Miro de reojo al cesto. Plumas blancas y adorno verde: el último par que me queda.
El Maestro, que además de enseñarnos Kyudo, fabrica y repara las flechas, tardará un poco en tener de nuevo listas algunas de las que llevo rotas. Aunque no me toca, me coloco el primero para volver a entrar a tirar. Quien entra el primero es yatori en la siguiente entrada; en vez de tirar recoge las flechas de sus compañeros.
Acierto. Una de las blancas y verdes vuelve también sin punta. El Maestro tendrá tiempo de repararme alguna flecha. Me siento para quitarme el guante. Bromeo sobre mi suerte con mis compañeros de Dojo. No hay nada en los tiros que explique tanta punta rota. Pero, una flecha, una vida, nada en el Kyudo es trivial.
Una flecha, una vida. ¿Cuántas flechas te quedan, arquero? Cualquiera puede ser la última y no lo sabrás hasta que no puedas tirar la siguiente. La última es siempre un recuerdo. Cuando es presente es sólo la de ahora.
“Sólo la de ahora”, me repito con sorna. Una flecha más, que sólo será especial si se convierte en la última. ¿Tiraría igual una flecha si supiera que es la última? Cada decisión cambia nuestra vida. ¿Decidiría lo mismo hoy si supiera que estoy ante mi ultima oportunidad de cambiar mi vida? Una flecha, una vida.

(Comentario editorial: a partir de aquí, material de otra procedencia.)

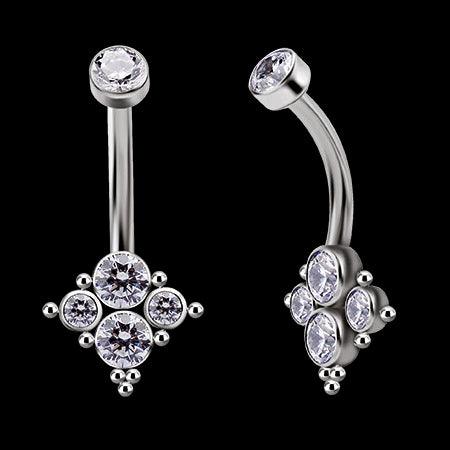 Piercing para Ombligo de Titanio ASTM F136 con Brillantes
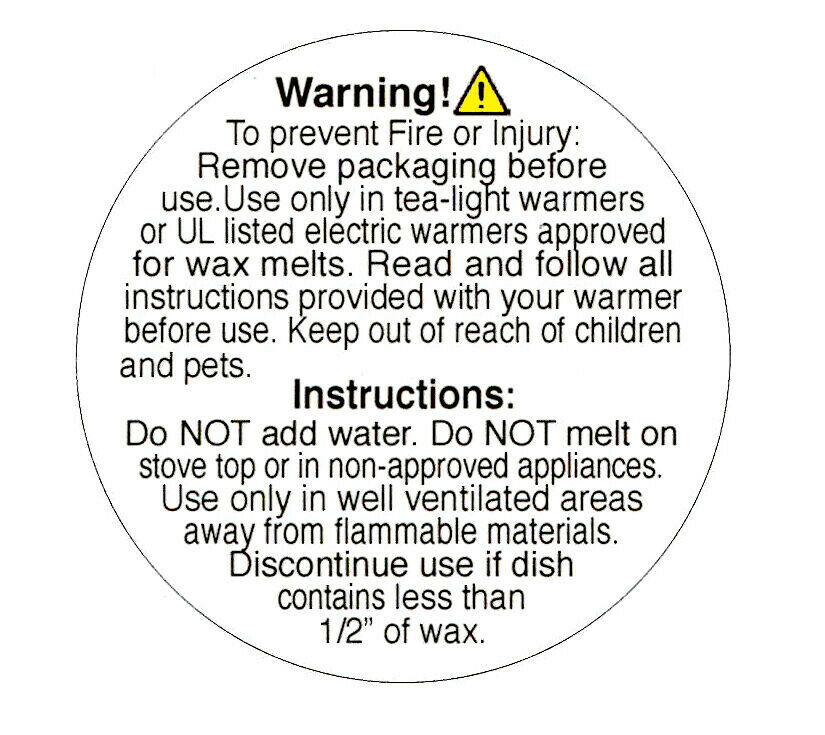 2-IN Round ~ WAX MELTS BURN WARNING STICKERS LABELS CAUTION INSTRUCTIONS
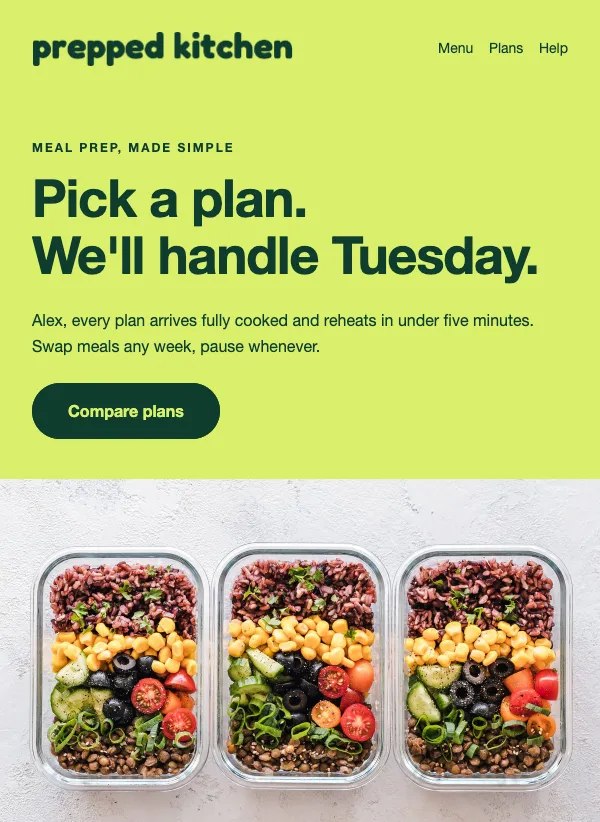 Meal Prep Menu - Plan Comparison email template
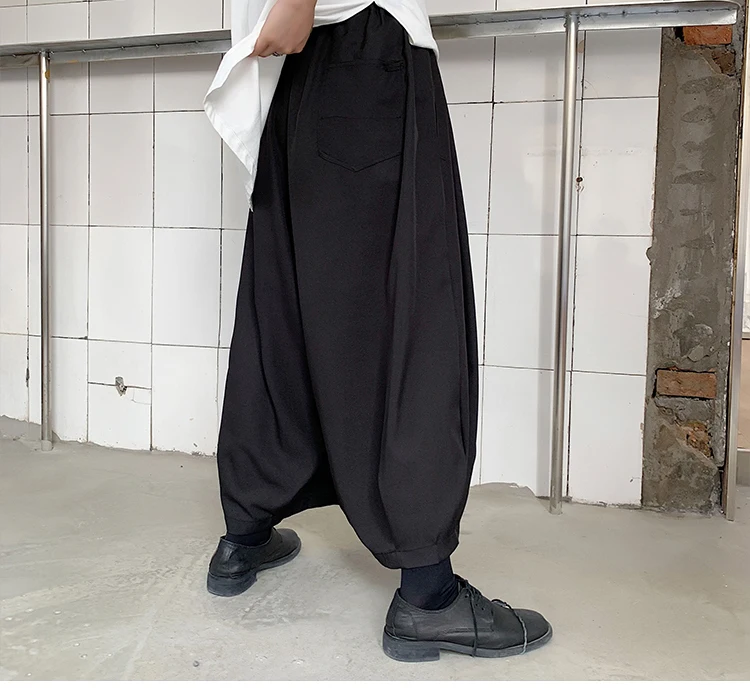 Мужские свободные повседневные уличные брюки в стиле хип-хоп, широкие брюки для мужчин и женщин в японском стиле, плиссированные шаровары, брюки, винтажные брюки-кимоно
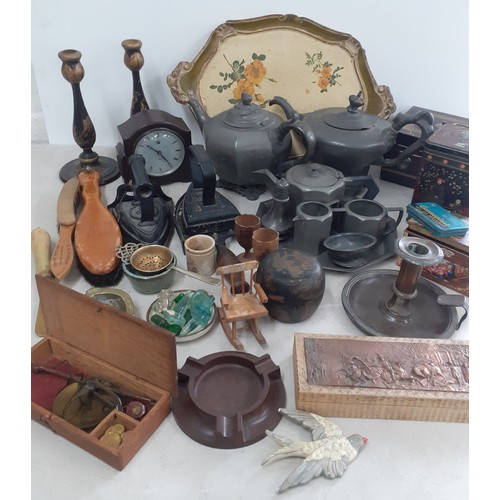 206 - Pewter tea ware, two Victorian irons, a small Smiths mantel clock, a pair of black Oriental lacquere...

Recojo las flechas y las devuelvo al cesto. El Maestro aprovecha para hablar conmigo. Ha notado que cuando tenso el arco mi mano derecha, sobre la cuerda, se mueve antes que mi mano izquierda, la que sostiene la empuñadura. Es sutil. Ambas se mueven prácticamente a la vez, creando la tensión. Pero la diferencia es grande. La intención debe ir hacia el blanco. La resultante de todos los movimientos debe proyectarse hacia el blanco. La mano que empuja el arco hacia delante debe anticiparse a la que tira de la cuerda hacia atrás.
«¡Hai!», respondo. La protocolaria y escueta confirmación. «Sí. He entendido. Me esforzaré por aplicarlo». Las palabras estorban.
Una flecha, una vida. ¿Hacia donde se están proyectando tus decisiones, arquero? Lo pienso mientras me siento para volver a ponerme el guante. Si pudiera mirarme, me miraría con fastidio. No es momento de pensar. Pero sé que la pregunta es buena.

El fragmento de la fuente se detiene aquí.